# How Does This Happen!?



## Mattuk (Oct 16, 2010)

http://www.stuff.co.nz/national/6160586/Hunters-regret-will-last-forever-police


----------



## bones44 (Jan 7, 2011)

That's horrible. It's called no prior training and getting caught up in the moment. Too many folks don't take the time to learn and want everything right now. Sad.


----------



## oneshotcowboy (Mar 4, 2010)

this is what happens to society when we loose our roots. we are a world of hunters and gathers. its our nature to kill what we eat and to gather the rest. now people rely on everyone else to provide what they eat in the store and still think they are the hunters. its so sad that this happened. to bad they were not tought from a young age what is right and what is wrong when your the one doing the hunting.

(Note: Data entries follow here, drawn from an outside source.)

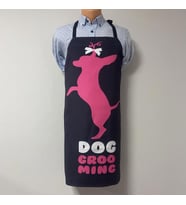 PAREDORA Dog Groo Ming Mutfak Önlüğü (Karışık)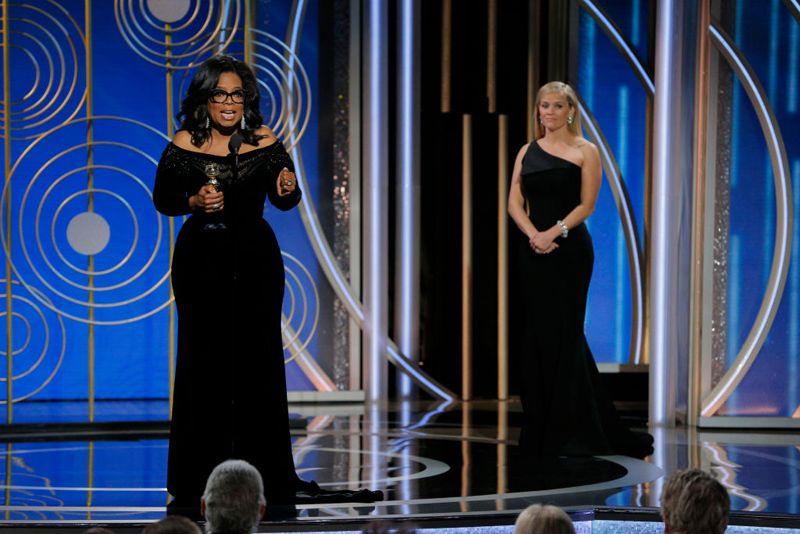 75th Annual Golden Globe Awards - Show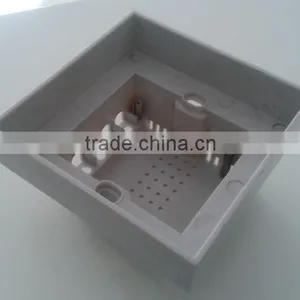 Plastic Injection Moulded Parts , Injection Parts,Injection Molding Electronic Component thumbnail-1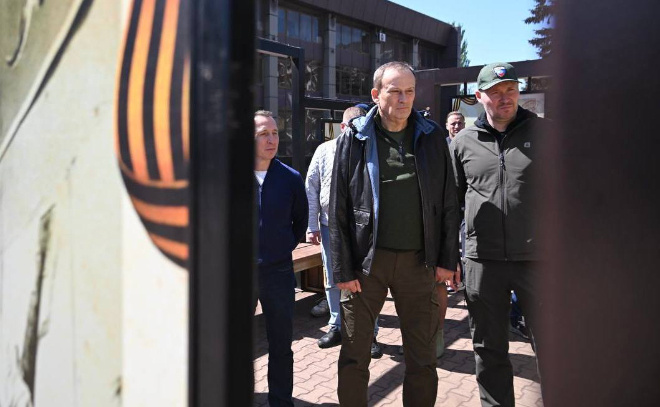    © Telegram / Александр ДроZденко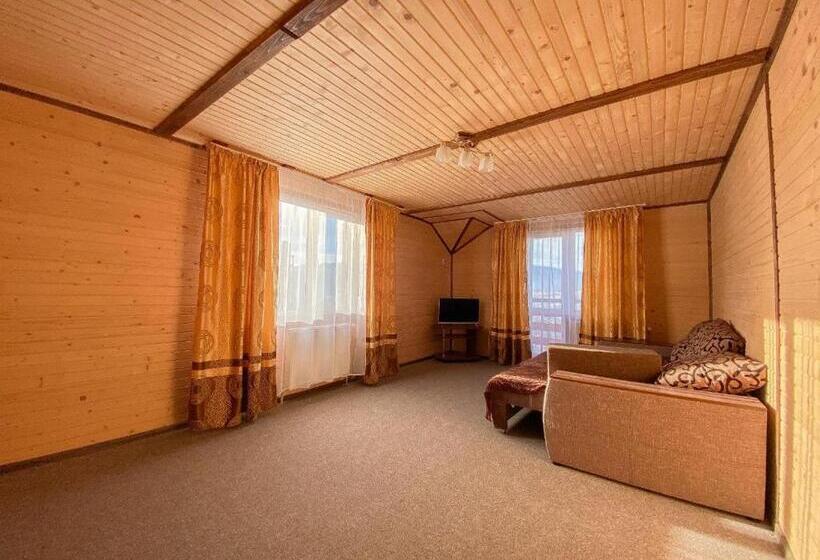 بنسيون краєвид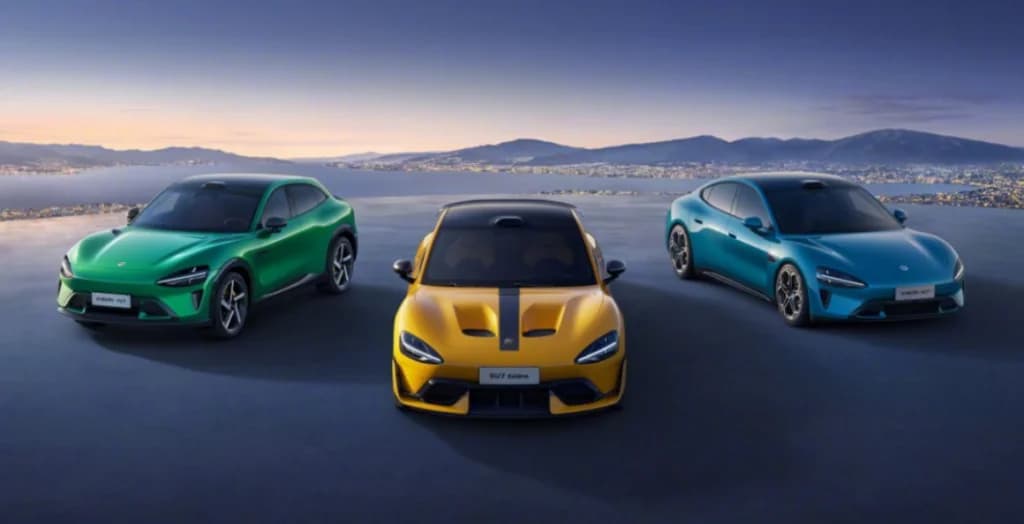 Xiaomi CEO Livestreams SU7 Full Teardown as Orders Top 40,000 Units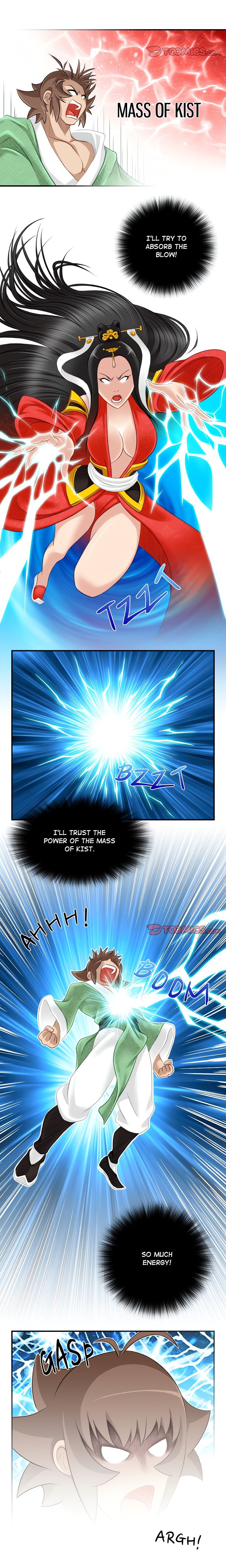 Secret World of Martial Arts - Chapter 42 [photo 5] - MangaPorn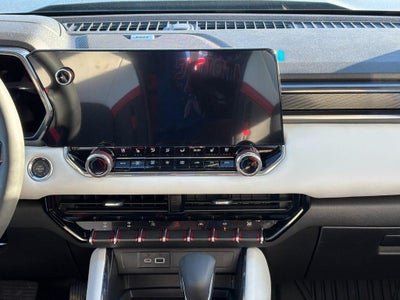 2026 GMC Canyon AT4X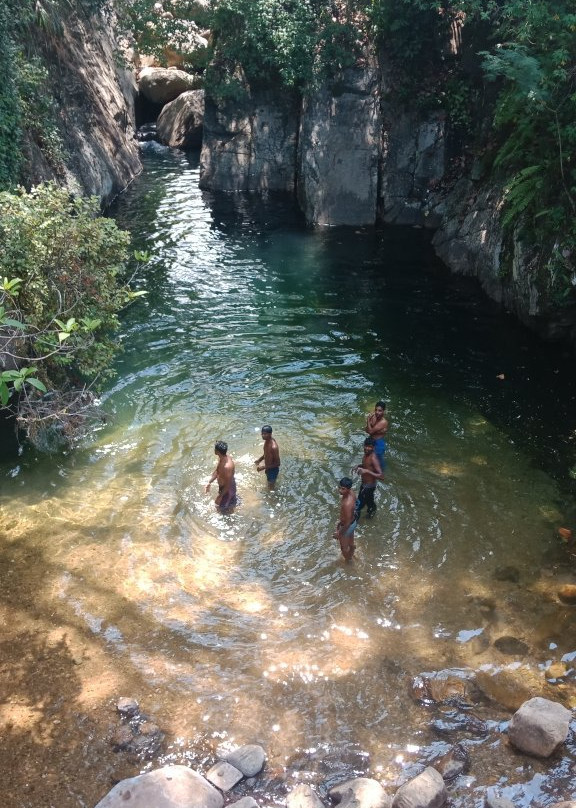 Rangala Natural Pool景点图片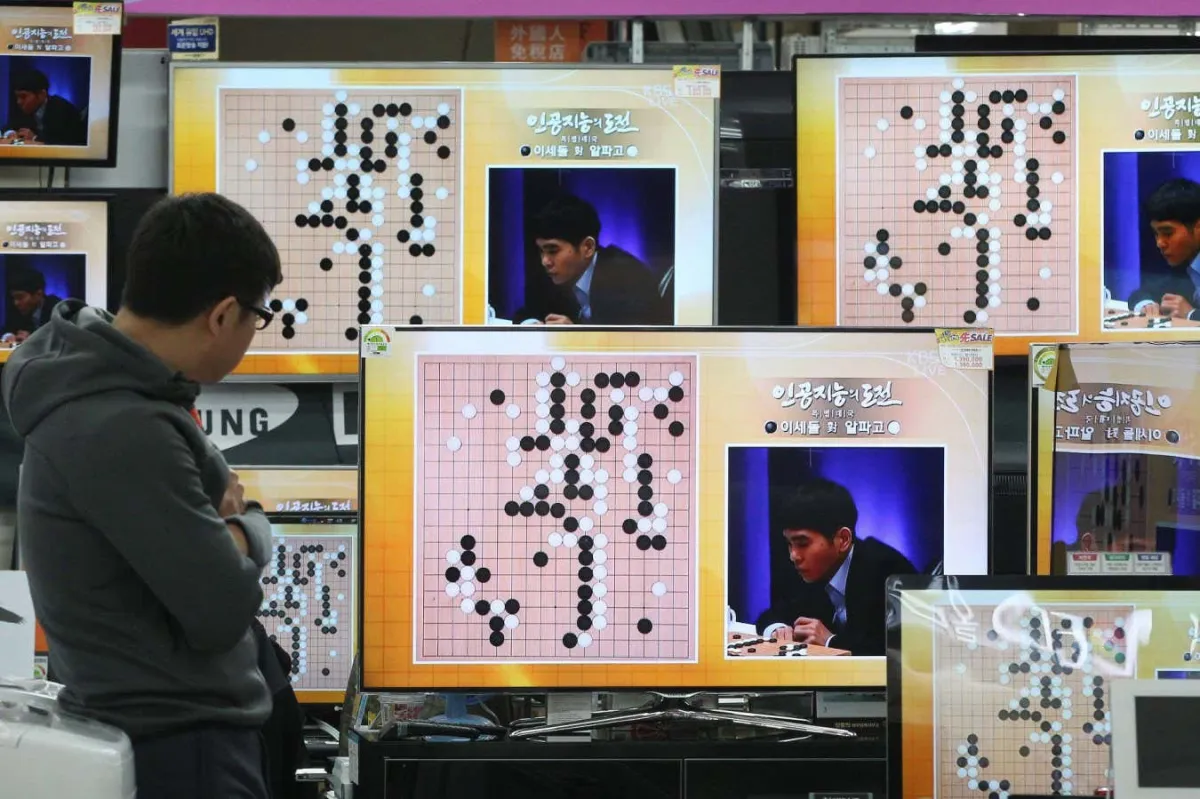 Yapay Zeka Devrimini Başlatan An: AlphaGoya Karşı Kaybeden Go Şampiyonu Lee Sedolun Maçı 10. Yılında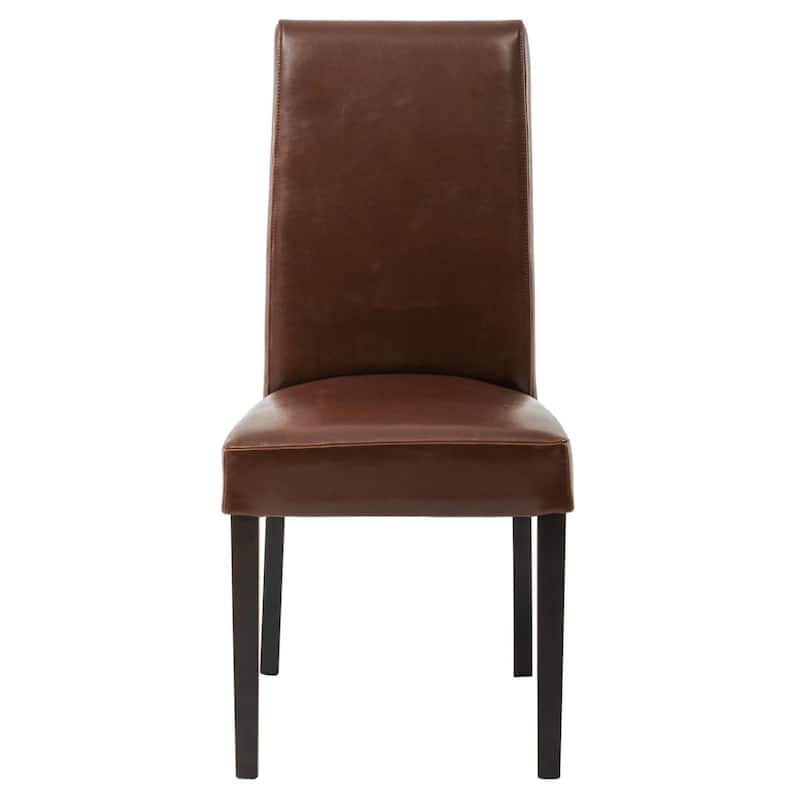 NPD Furniture Hartford Leather Dining Chair (Set of 2)
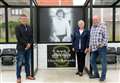 Touchline tribute to Clachnacuddin legend at Grant Street Park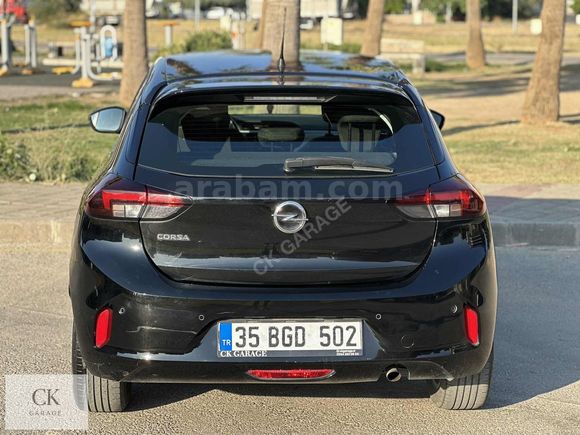 2022 CORSA / EDITION / HATASIZ / BOYASIZ / E-TOGGLE / DÜŞÜK KM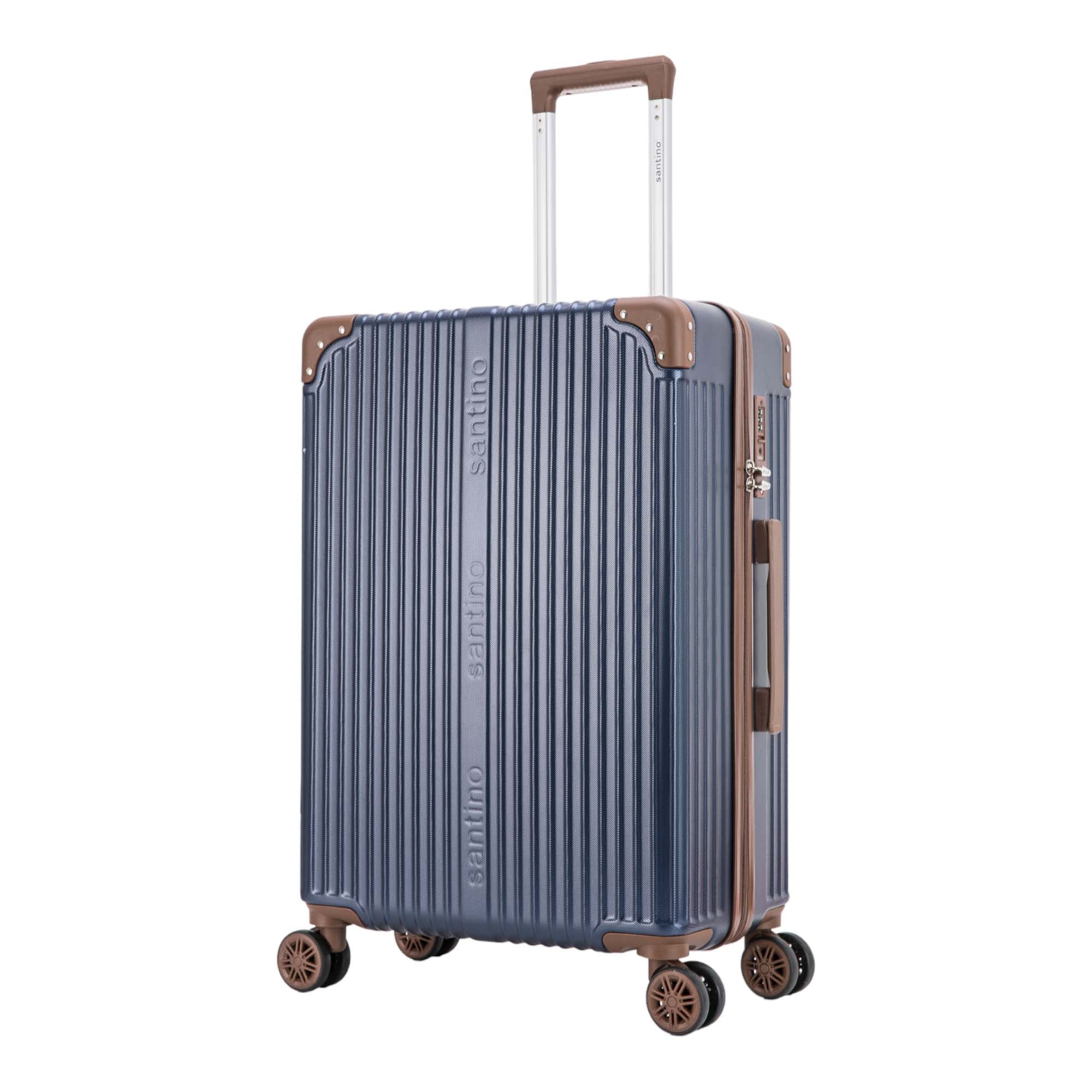 Palazzio 360° Hardside Suitcase Santino M - APLV191M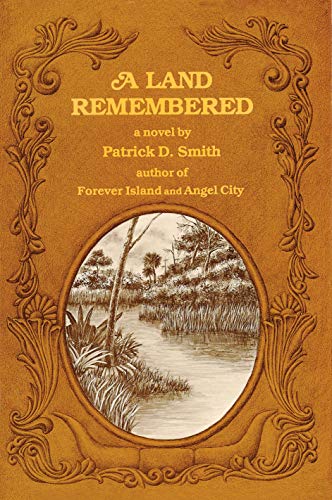 Book Cover A Land Remembered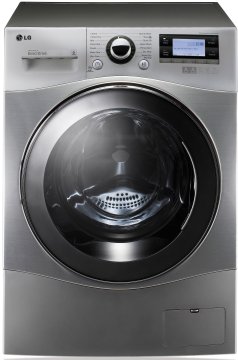 LG F1495BDSA7 lavatrice Caricamento frontale 12 kg 1400 Giri/min Acciaio inox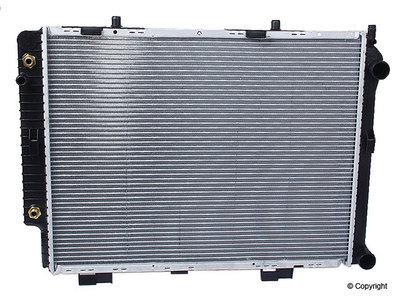 Wd express 115 33041 334 radiator-nissens radiator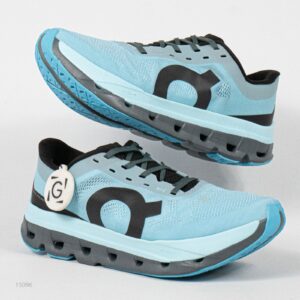 Sepatu On Cloudflow 5 Arctic Stone Unisex Running Sneakers Sepatu Lari Olahraga Gym Pria Wanita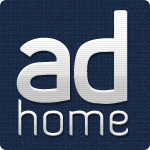 Adhome logo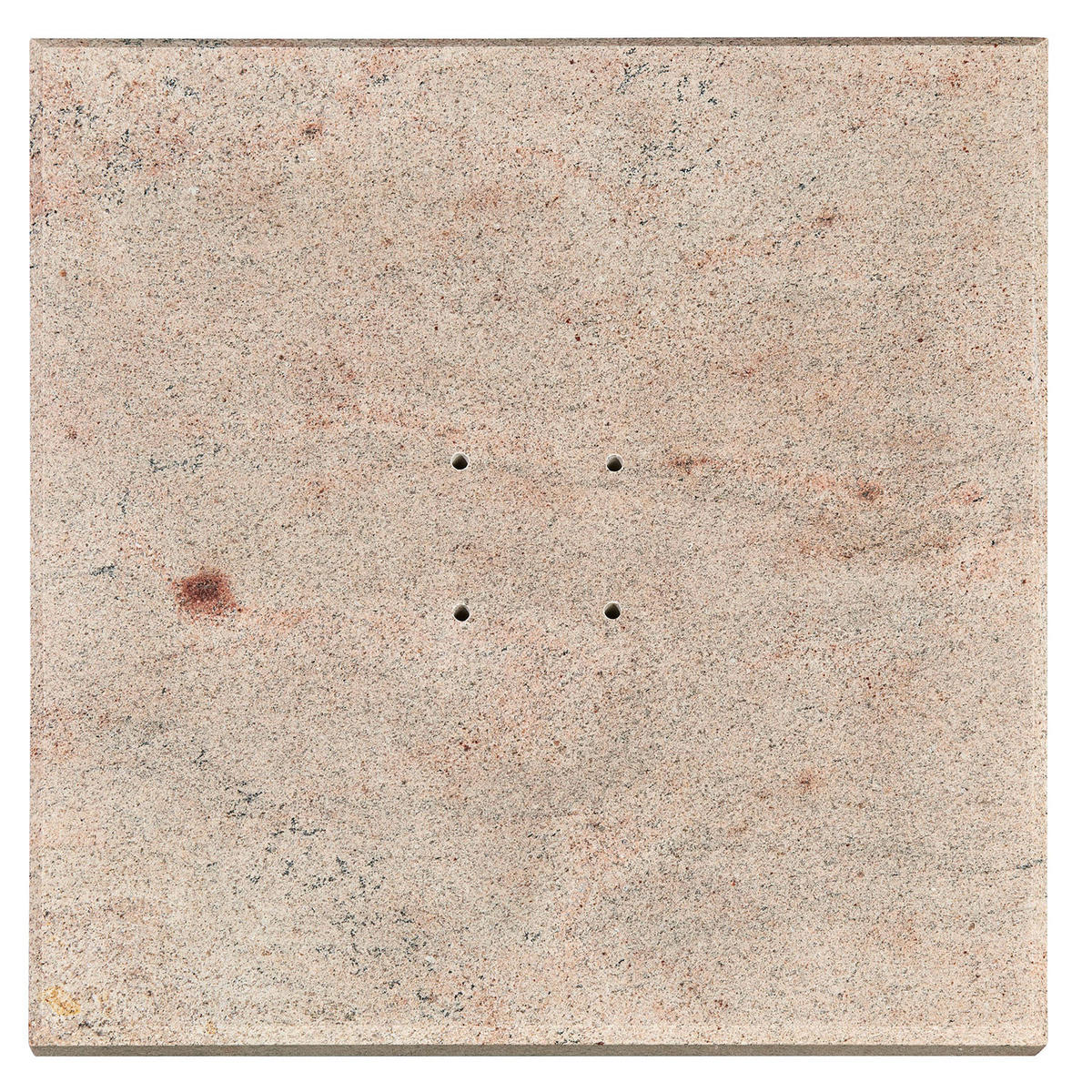 SCHIRMSTÄNDER Venezia Beige Granit für Ampelschirme 90 kg - Beige, Metall (76/76cm) - Platinum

ALWAYS KNOW WHAT YOUR AIMING AT!!!!! no excuses for "shooting eyes" !


----------



## Mattuk (Oct 16, 2010)

oneshotcowboy said:


> to bad they were not tought from a young age what is right and what is wrong when your the one doing the hunting. ALWAYS KNOW WHAT YOUR AIMING AT!!!!! no excuses for "shooting eyes" !


Thats the problem!


----------



## Predatorhunter (Dec 9, 2010)

This is terrible. I seem to hear about this happening every year somewhere. I think that some people shoot at sound and don't know what they are shooting or aiming at.


----------



## El Gato Loco (Jan 15, 2010)

Reminds me of this story shared by wilded out here some time ago.

There is no excuse for hunting accidents. I cringe every time I hear about one.


----------



## bones44 (Jan 7, 2011)

That's such a horrible tragedy that could have been prevented. I cringe when I hear of these stories. Like I said before, if your not taught properly or not at all, you should not have a weapon of any kind in your hands.


----------



## frozenbutt (Nov 27, 2011)

Just had a 19 year old get killed on sat here. Him and some friends were sneeking up on some geese and one of them did not have the safety on and the gun went off and hit him in the chest. Always have the safety on and always know were the barrel is pointing.


----------



## bones44 (Jan 7, 2011)

That's awful ! Another common accident is people pulling a gun into their treestand with them loaded. Happens alot unfortunately.


----------